Slurm Batch System
The Slurm system manages the department batch queue. Slurm runs jobs on the departmental and research compute nodes.
For a video lecture discussing the CS Cluster and slurm, visit the Cluster Class link.
You can also access the repository directly at the following location:
The CS Slurm setup organizes compute resources into two queues.
- The compsci queue contains all the nodes with access to the department NFS filesystem where most user home and project directories live. If unsure, use the compsci queue.
- The GPU hosts are in the compsci-gpu queue. Please do not submit general batch jobs here as they should be reserved for GPU computing.
An additional queues exist to hold computers owned by specific research groups.
- Donald Lab users can use the grisman queue for priority access to the grisman cluster.
- Sam Wiseman's group can use the nlplab or wiseman partitions for priority access.
- Michael Reiter's group can use the skynet partition for priority access to the skynet cluster.
- Lisa Will's group can use the wills partition for priority access to the wills cluster.
- Bhuwan Dhingra's group can use the nlplab or bhuwan partitions for priority access.
- Cynthia Rudin's group can use the rudin partition for priority access.
In order to submit to the research partitions users will either need to specify the account to use:
sbatch -A PARTITIONNAME ....
or switch their default account
sacctmgr modify user NetID set DefaultAccount=PARTITIONNAME
All interation with the queuing system must be done from one of the cluster head nodes. To access the head nodes, ssh to login.cs.duke.edu using your NetID and NetID password.
For the basics of Slurm operation, please see the following links
Job scripts
All jobs submitted to Slurm must be shell scripts, and must be submitted from one of the cluster head nodes. Slurm will scan the script text for option flags. The same flags can be on the srun command or embedded in the script. Lines in the script beginning with #SBATCH will be interpretted as containing slurm flags.

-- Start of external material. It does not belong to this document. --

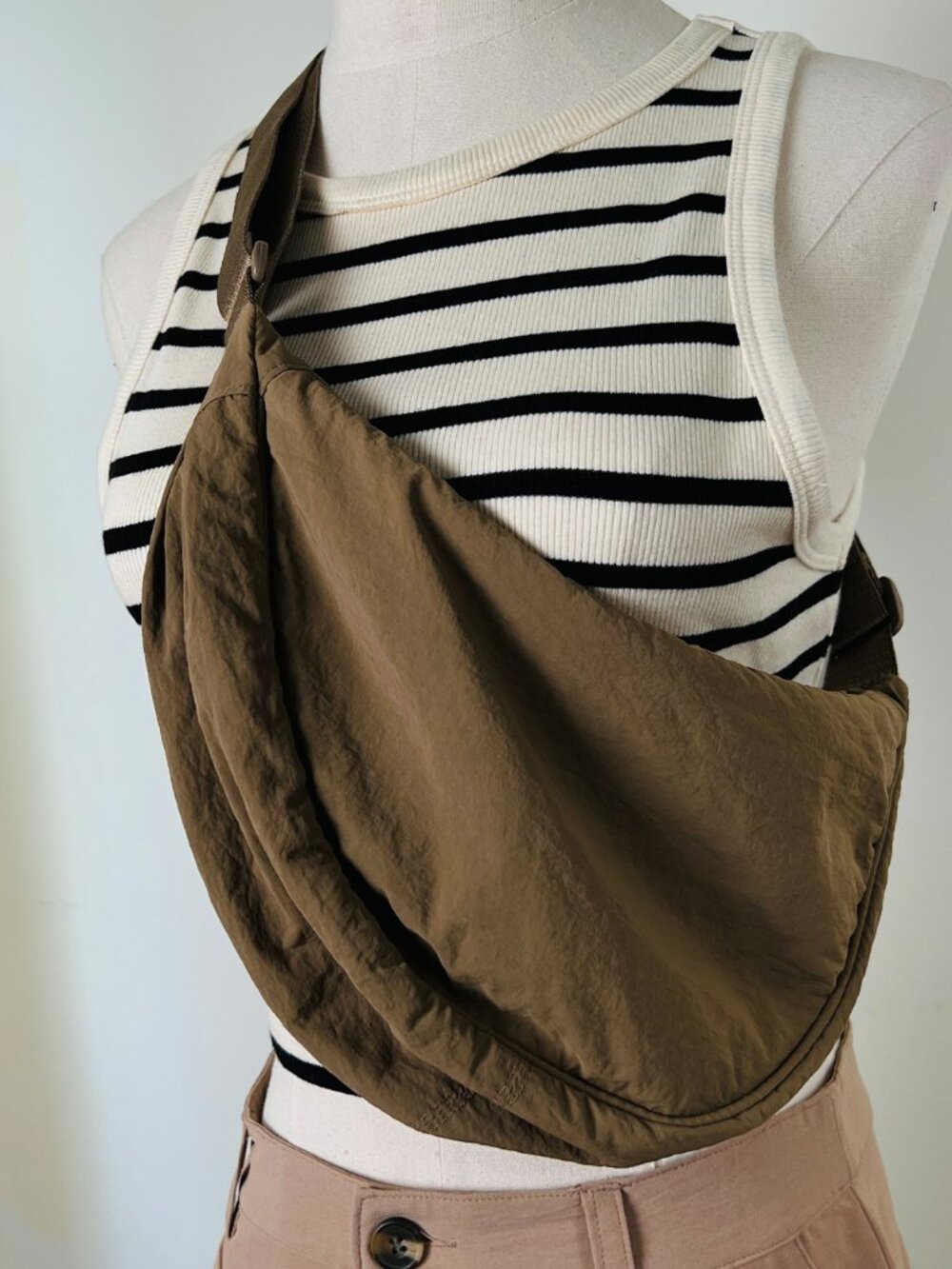 Uniqlo Round Mini Shoulder Bag Olive Brown Crossbody Adjustable Strap Unisex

The following job runs the program hostname. The script passes slurm the -D flag to run the job in the current working directory where sbatch was executed. This is the equivalent of running: sbatch -D . job.sh.
#!/bin/sh #SBATCH --time=1 hostname
Defaults
By default, each job will get a default time limit of 4 days, and 30G of memory per node. If you need more, you will need to specify that in the parameters for the batch script.
scontrol show partition compsci PartitionName=compsci AllowGroups=ALL AllowAccounts=ALL AllowQos=ALL AllocNodes=ALL Default=YES QoS=N/A DefaultTime=4-00:00:00 DisableRootJobs=NO ExclusiveUser=NO GraceTime=0 Hidden=NO MaxNodes=UNLIMITED MaxTime=90-00:00:00 MinNodes=1 LLN=NO MaxCPUsPerNode=UNLIMITED Nodes=linux[1-50] PriorityJobFactor=1 PriorityTier=1 RootOnly=NO ReqResv=NO OverSubscribe=NO OverTimeLimit=NONE PreemptMode=REQUEUE State=UP TotalCPUs=1600 TotalNodes=50 SelectTypeParameters=NONE DefMemPerNode=30000 MaxMemPerNode=UNLIMITED
Examples
List running jobs
squeue
List jobs belonging to a user
squeue -A user
List running jobs
squeue -u user -t RUNNING
List compute partitions
sinfo
List compute nodes
sinfo -N
Show a node's resource attributes
sinfo -Nel
Submit a job
sbatch script.sh
Interactive session on a GPU host
srun -p compsci-gpu --gres=gpu:1 --pty bash -i
Detailed job information
scontrol show jobid -dd jobid
Using an OR constraint to select between multiple GPUs
sbatch -p compsci-gpu --constraint="2080rtx|k80”
Request a specific type and number of GPU(s)
sbatch -p compsci-gpu --gres=gpu:2080rtx:1
Direct a job to a linux41 where the GPU has 10G of RAM while passing the GPU_SET variable 2 to pass to program
export GPU_SET=2;sbatch -w linux41 --mem-per-gpu=10g -p compsci-gpu job.sh
Delete a job
scancel jobid
Here is a sample script. This script will run in the compsci partition
#!/bin/csh -f
#SBATCH --mem=1G
#SBATCH --output=matlab.out
#SBATCH --error=slurm.err
matlab -nodisplay myfile.m
Please be aware that compute cluster machines are not backed up. Users should copy any important data to filesystems that are backed up to avoid losing data. In addition, try to be cognizant that this is a shared resource. Please minimize the network traffic for shared resources like disk space. If you need to read and write lots of data, please copy that to local disks, compute the results, and store the results on longer term storage.